Posted: 11/1/18
In electric aircraft, propellers are turned by a motor powered by a rechargeable lithium polymer (LiPo) battery pack. An electronic speed control (ESC) regulates the motors output for throttle control. The motor, battery, and ESC are all installed onboard the model. The first electric RC models were equipped with brushed motors — in which brushes carry current and spin the rotor — and nickel-cadmium (NiCd) rechargeable battery packs. They provided flight times of around 5-10 minutes.
A glow engine plane of similar weight and power, however, would allow nearly double that flight time when fully fueled. Electric systems have now been developed that take advantage of brushless motor technology for much better efficiency, power, and flight time.
In a brushless system, the ESC energizes the motor's electro-magnetic field, and that causes the motor to turn. Compared to brushed motors, there's less friction, waste heat, and wear. Brushed motors are only about 35-40% power-efficient and will wear out over time whereas brushless motors improve that to 80-90% and can run for hundreds even thousands of flights. You will still find brushed motors around, but they are typically used in very small airplanes and helicopters. The recent improvements in motor technology are only part of the story behind electric models' surging popularity.
Rechargeable battery technology has made enormous forward leaps, too. First, the higher-capacity nickel-metal hydride (NiMH) battery chemistry appeared as an alternative to NiCds. Performance and flight times improved. NiMH performance was soon surpassed by LiPo batteries which are now the hobby’s standard. With LiPo batteries and brushless motors, electric planes have the power and performance capability that can match — even exceed — that of that of gas/glow engines!
Choosing an Electric Motor
You'll find electric options for everything from trainer planes and park flyers to scale giants. Today's brushless electric power systems even provide enough pinpoint control and instantaneous, all-out power for jaw-dropping 3D aerobatics! Of course, the Horizon Hobby web site gives specific completion item recommendations on the aircraft product page (an excellent resource for anyone new to RC flying). When you decide to select a motor on your own, you'll notice that the motor requirement is indicated by a "kV" number, such as "800kV". That number indicates the power output, expressed as rpm per volt of input. Running an 800kV motor using 6V of input means that the motor will turn at 4800 rpm.
Brushless motors include that kV number in their product names, preceded by two other numbers (e.g. "42-50-800kV").
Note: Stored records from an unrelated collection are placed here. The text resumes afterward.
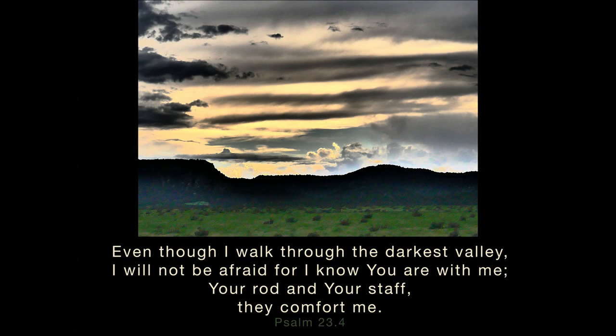Even though I walk through the darkest valley, I will not be afraid, for I know you are with me. Your rod and your staff, they comfort and protect me.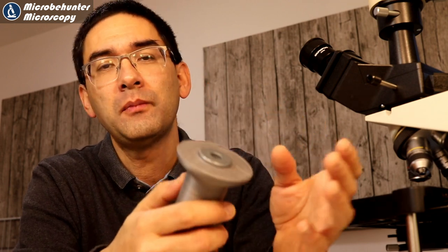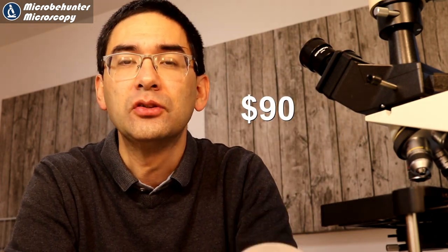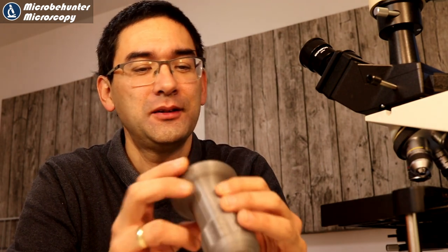There are of course commercial microtomes available. Low-cost commercial ones cost around 70 to 80 euros. But if you already have access to a 3D printer — mine cost only about 150 to 160 euros, so they're quite cheap — it's also something you might want to try, and I simply wanted to try it out.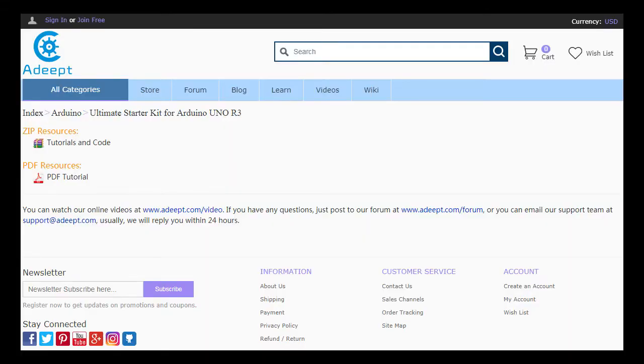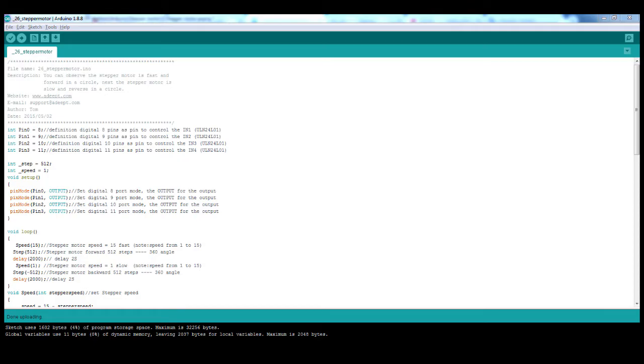Now you need a code. In the description below you can find a link to the website where you can download tutorials and code, in folder 26 stepper motor. You will find a file — this file you must open with the Arduino platform and upload the code to Arduino.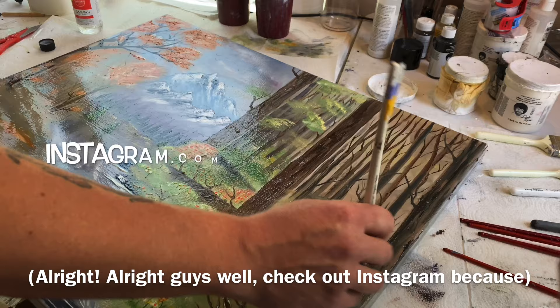Check out Instagram because you're about to see a picture of this painting up close and personal. Until then, we'll see you guys later — take care!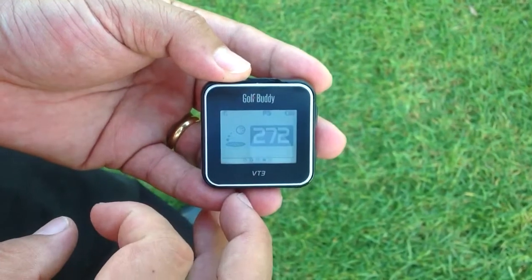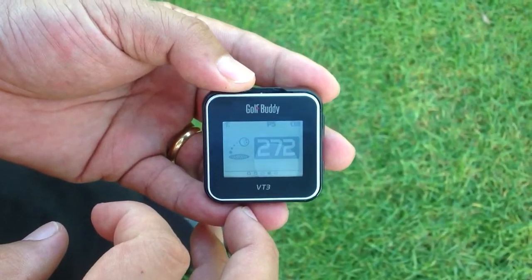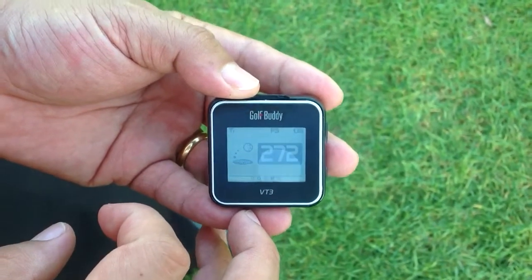If I press the screen... Your shot is 272 yards from the mark. What a great shot.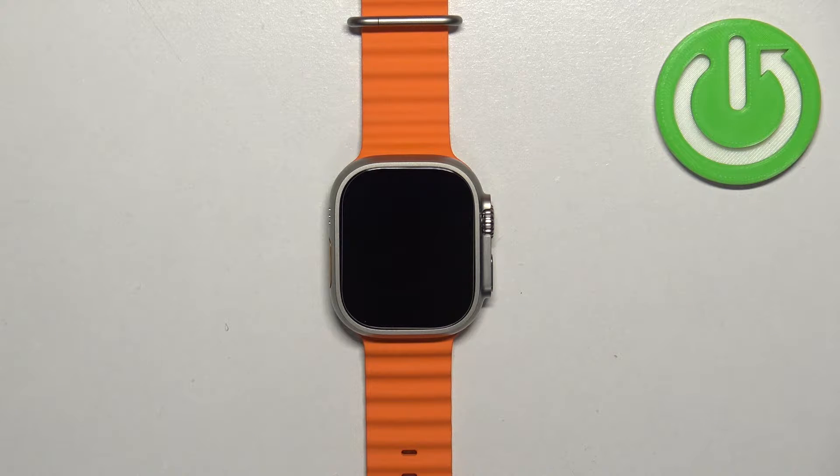Welcome! In front of me I have Apple Watch Ultra 2 and I'm going to show you how to change the text size on this watch.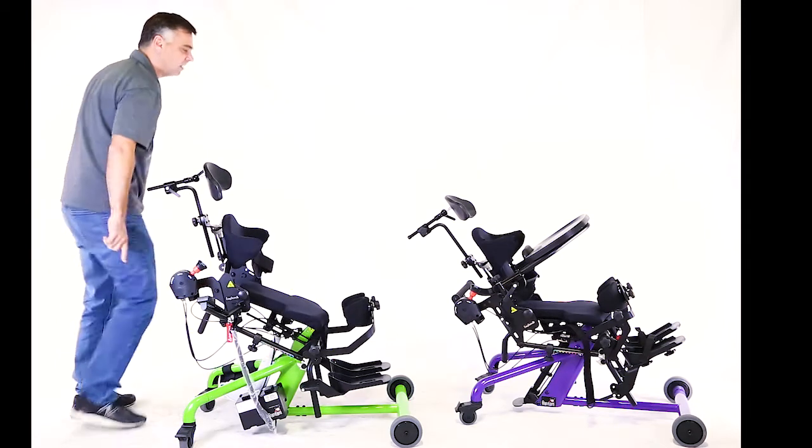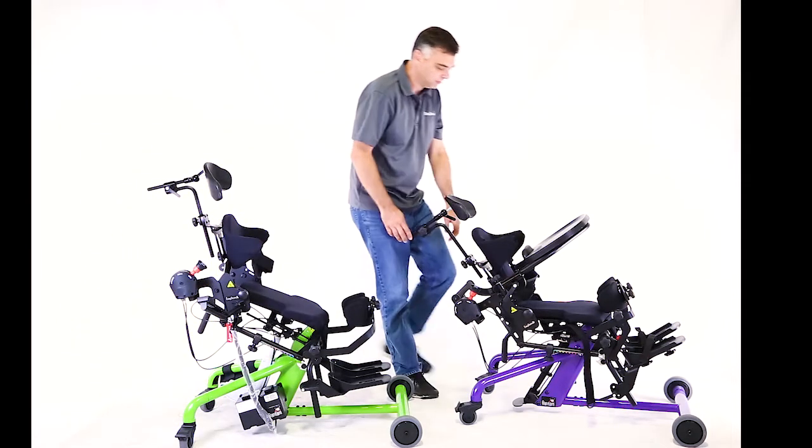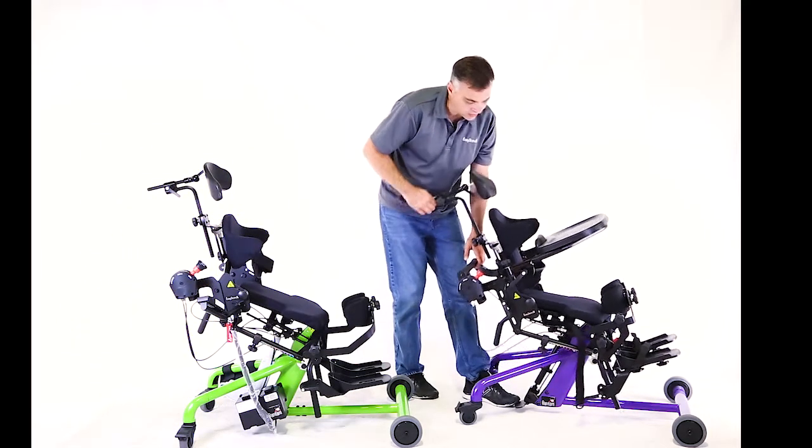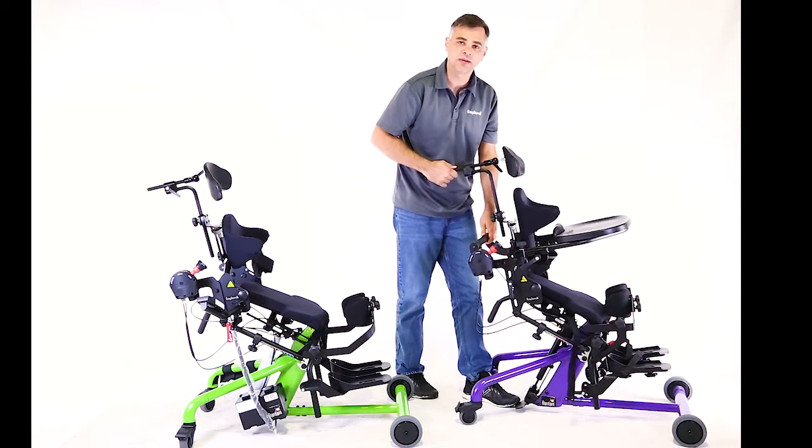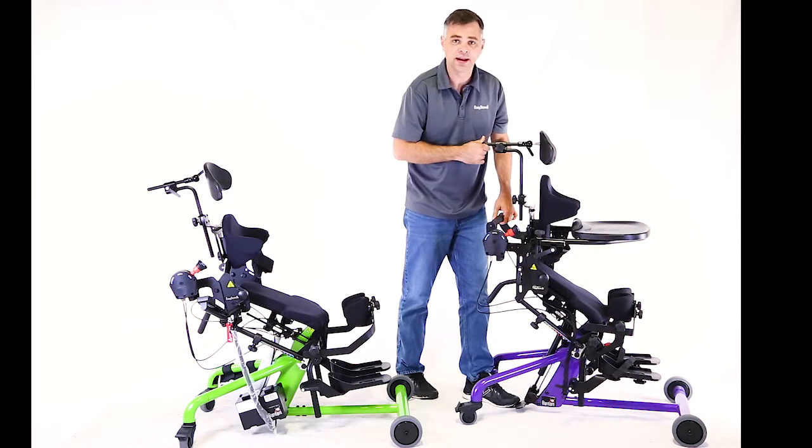I can do this exact same thing in the Bantam with the gas spring as well. I can go from sitting to standing. Now when I get to standing with the gas spring, it'll stop and I can't go any further.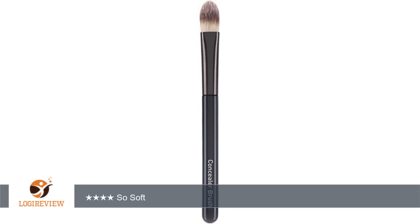A customer wrote: This is a great brush for concealing large spots on the face, like the under eye area and around the nose and mouth. The bristles are synthetic, which makes the brush more durable and easy to wash and dry. The bristles are incredibly soft, with just the right amount of give to them.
The first is the motor’s can diameter in millimeters; the second is its length in millimeters. Match the motor size that your model will accept with the power output required, and you've made an appropriate choice for your plane. Many manufacturers now list their motors as equivalents to their glow/nitro counterparts (e.g. .10, .46, 1.20) along with the above numbers.
Depending on the airplane, you may be advised to buy an "inrunner" or an "outrunner" brushless motor. What's the difference?
Inrunner Brushless Motors
Inrunner motors are the type in which the motor can is stationary and the shaft spins inside. The motor can is longer and thinner, allowing higher rpm and making them better for ducted fan planes, racing planes, and planes with thin noses. Some applications might require pairing the inrunner motor with a gear drive, which adds to the cost and installation effort.
Outrunner Motors
As the name implies, "outrunners" work the opposite of inrunners. In this case, the shaft is fixed and the can spins can spins around it. An immediate benefit of this style in RC use is that they can turn larger, more efficient propellers without needing gearboxes. That makes them a simpler, lighter weight, less expensive power option suitable for all sizes and styles of aircraft.